Saved data entries:
##############################
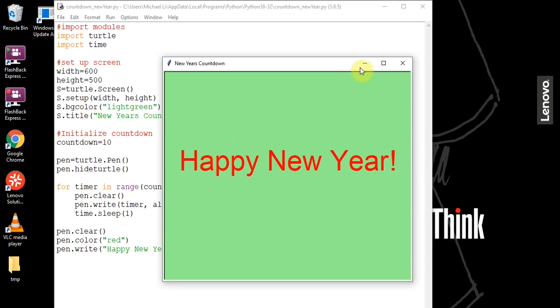That's basically the end of this project. I wish everyone a happy new year, a merry Christmas, and happy holidays. I'll see everyone in the next video. Thank you.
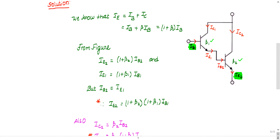The input current is ib1. For the first transistor, collector current is ic1 and emitter current is ie1. Since it's an NPN transistor, ib1 and ic1 enter and ie1 leaves. For the second transistor, ib2 and ic2 enter and ie2 leaves. So there are six currents total marked on the figure.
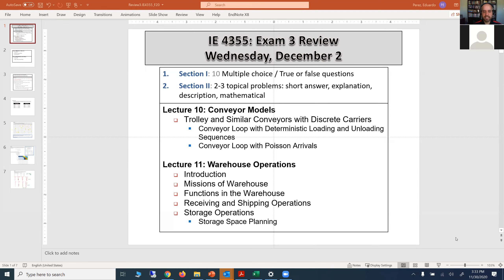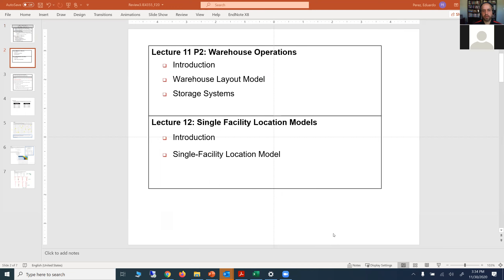That was Lecture 10. Then we transitioned to warehouse operations, in which we discussed the introduction — what the expectations are for managing a warehouse from a facilities planning perspective, the mission, functions in the warehouse, receiving and shipping operations, and different ways of storing supplies in a warehouse and how to plan for those. From there we talked about Lecture 11 Part 2, which is warehouse operations.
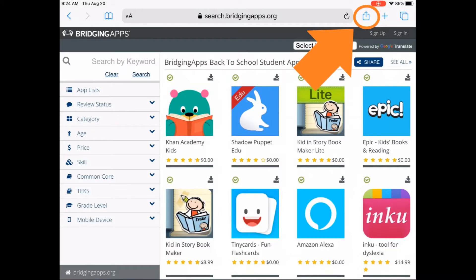Let's get started with making that shortcut. This is the Bridging Apps app search tool. Anytime you are on a website using Safari on your iPad or iPhone, you'll see at the top that there is a square with an arrow pointing away from it. This is the Apple share button.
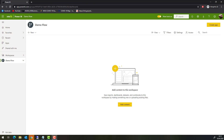Welcome to this video on Power BI Dataflows. Power BI is not only a great tool for data analysis and visualization, but it also supports self-service BI. Power BI Dataflows are a key component to enable self-service BI. With Dataflows you can place your Extract Transform Load, or short ETL process, in the cloud and provide the result to your users. Let's have a look at a small example.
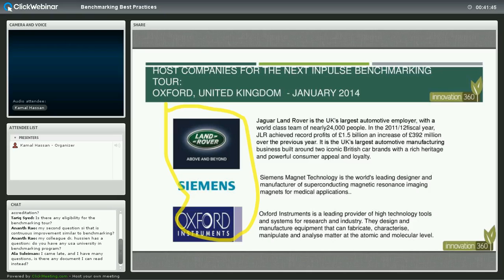Do you have a US-based university in a benchmarking program? We are actually launching Impulse as a benchmarking solution for companies in January, and our first benchmarking tour is to the UK. However, we're organizing about four tours a year total. One of them is actually to the US, and if there is a need or demand for benchmarking with universities, we can definitely organize that as well.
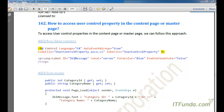In this how-to we are going to learn how to access user control properties in the content page or the master page. This is a frequently faced scenario where developers want to access the user control property in the content page and based on that property they want to pass a certain value to the user control so it can process its data based on those values.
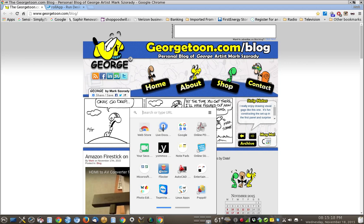If you weren't aware of it, well, hey, now you are. Thanks for visiting my channel. Please visit my blog, georgetoon.com/blog. Have a laugh and learn a little bit up there, and get a George coffee mug. Thanks very, very much — I'll see you real soon. Bye-bye.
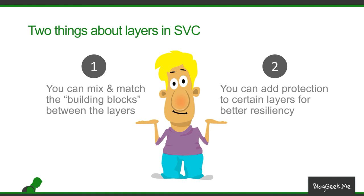And the second thing is you can add protection to certain layers in order to increase the resiliency of these layers. So that if we've got a bad network, we protect at least the best layers, the base layers, so we get decent quality in bad networks also.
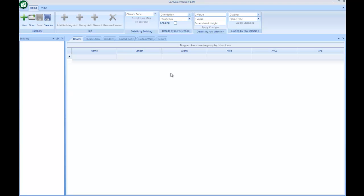This second video tutorial aims to show you the process of creating a building, adding fenestration elements to it, and then doing the natural and mechanical reporting.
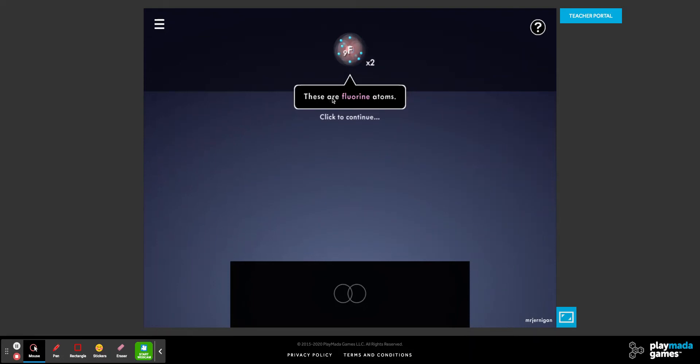This is Collisions, the covalent compounds portion. Covalent bonds form between two non-metals — these are two things to the right side of the periodic table.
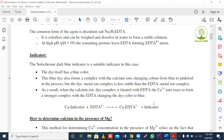In this experiment, when we start titration, after a few minutes, the blue color changes to pink or light red color. Then we stop the titration and calculate the result.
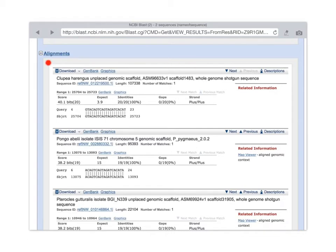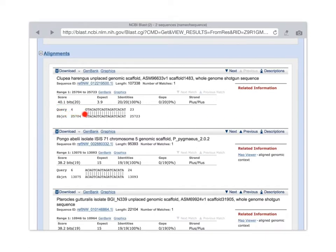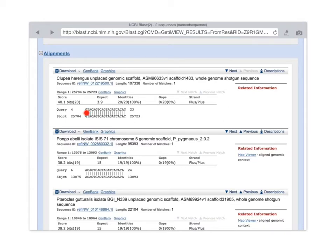So each of these sections of the alignments view represents one of those results. Here's our query sequence from nucleotide 4. So we start, it starts at nucleotide 1, but our match starts at the 4th nucleotide that I typed and goes until the 23rd.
##############################
_DIRECTIONS FOR THIS TASK:_ Write the records out again exactly; none of the pictures belong in the copy.

_EXERCISE RESPONSE:_
That's basically the end of this project. I wish everyone a happy new year, a merry Christmas, and happy holidays. I'll see everyone in the next video. Thank you.
The input current is ib1. For the first transistor, collector current is ic1 and emitter current is ie1. Since it's an NPN transistor, ib1 and ic1 enter and ie1 leaves. For the second transistor, ib2 and ic2 enter and ie2 leaves. So there are six currents total marked on the figure.
That was Lecture 10. Then we transitioned to warehouse operations, in which we discussed the introduction — what the expectations are for managing a warehouse from a facilities planning perspective, the mission, functions in the warehouse, receiving and shipping operations, and different ways of storing supplies in a warehouse and how to plan for those. From there we talked about Lecture 11 Part 2, which is warehouse operations.
Let's get started with making that shortcut. This is the Bridging Apps app search tool. Anytime you are on a website using Safari on your iPad or iPhone, you'll see at the top that there is a square with an arrow pointing away from it. This is the Apple share button.
Welcome to this video on Power BI Dataflows. Power BI is not only a great tool for data analysis and visualization, but it also supports self-service BI. Power BI Dataflows are a key component to enable self-service BI. With Dataflows you can place your Extract Transform Load, or short ETL process, in the cloud and provide the result to your users. Let's have a look at a small example.
Do you have a US-based university in a benchmarking program? We are actually launching Impulse as a benchmarking solution for companies in January, and our first benchmarking tour is to the UK. However, we're organizing about four tours a year total. One of them is actually to the US, and if there is a need or demand for benchmarking with universities, we can definitely organize that as well.
In this how-to we are going to learn how to access user control properties in the content page or the master page. This is a frequently faced scenario where developers want to access the user control property in the content page and based on that property they want to pass a certain value to the user control so it can process its data based on those values.
If you weren't aware of it, well, hey, now you are. Thanks for visiting my channel. Please visit my blog, georgetoon.com/blog. Have a laugh and learn a little bit up there, and get a George coffee mug. Thanks very, very much — I'll see you real soon. Bye-bye.
And the second thing is you can add protection to certain layers in order to increase the resiliency of these layers. So that if we've got a bad network, we protect at least the best layers, the base layers, so we get decent quality in bad networks also.
This second video tutorial aims to show you the process of creating a building, adding fenestration elements to it, and then doing the natural and mechanical reporting.
This is Collisions, the covalent compounds portion. Covalent bonds form between two non-metals — these are two things to the right side of the periodic table.
In this experiment, when we start titration, after a few minutes, the blue color changes to pink or light red color. Then we stop the titration and calculate the result.
So each of these sections of the alignments view represents one of those results. Here's our query sequence from nucleotide 4. So we start, it starts at nucleotide 1, but our match starts at the 4th nucleotide that I typed and goes until the 23rd.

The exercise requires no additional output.